§ **WHAT THE TASK ASKS**:
Without including any images, repeat the listing below exactly.

§ **DATASET CONTENT**:
════════════════

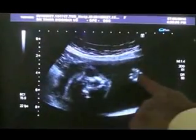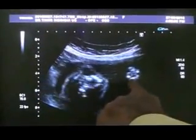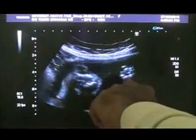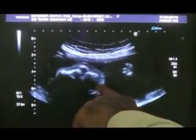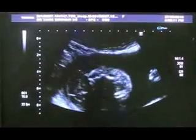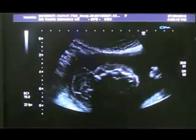There you see the hand as well. This is the hand of the fetus and the wrist, the fingers. This is the eye, this is the eye.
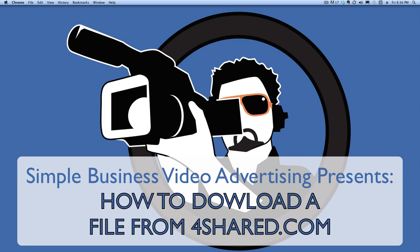Good afternoon, evening, morning everyone. This is Owen Hemsath with Simple Business Video Marketing and today I'm going to be showing you how to download a file from 4shared.com.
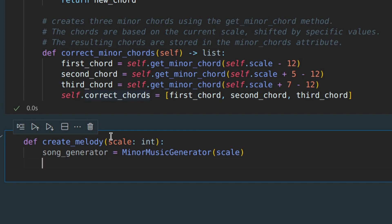Additionally, we need to create a stream object, which as you may recall from the last lesson, will contain all our notes.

════════════════

§ **RESULT FOR THIS TASK**:
There you see the hand as well. This is the hand of the fetus and the wrist, the fingers. This is the eye, this is the eye.
Good afternoon, evening, morning everyone. This is Owen Hemsath with Simple Business Video Marketing and today I'm going to be showing you how to download a file from 4shared.com.
Additionally, we need to create a stream object, which as you may recall from the last lesson, will contain all our notes.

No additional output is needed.